A demo of the different ways to write tests in Rust.
The program is a Read-Eval-Print-Loop which prompts the user to enter a number and then prints the factorial of their number.
Run the program with cargo run
. Run the tests with cargo test
.
The factorial
function has a number of unit tests defined in the tests
module in src/factorial.rs
. This module has the #[cfg(test)]
attribute, which means it will only be included in compilation when compiling to run tests; it won't bloat the actual built binary.
The factorial
function also has doctests in its doc comment. In a real program, these would probably be sufficient,
making the unit tests redundant. For the sake of the example, both the unit and doc tests are left in.
There is also an integration test in tests/repl.rs
. As is often the case, writing the
integration test required thinking carefully about how to structure the main program.

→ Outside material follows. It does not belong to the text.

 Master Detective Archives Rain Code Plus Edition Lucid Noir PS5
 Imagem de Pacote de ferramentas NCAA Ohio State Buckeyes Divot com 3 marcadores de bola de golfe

Here, I've made the repl
function
generic over its input and output – they can be any types implementing BufRead
and Write
respectively. This allows the
main program to pass in locks on stdin and stdout, while the integration test can use in-memory buffers, allowing it to run without live user input.
For a real program, you probably wouldn't want to explicitly test the user-directed output of the program; you should prefer to design your program such that you can run an integration test on the general logic of the program while still allowing the exact text shown to the user to vary. For the sake of simplicity, this design work is omitted in this example.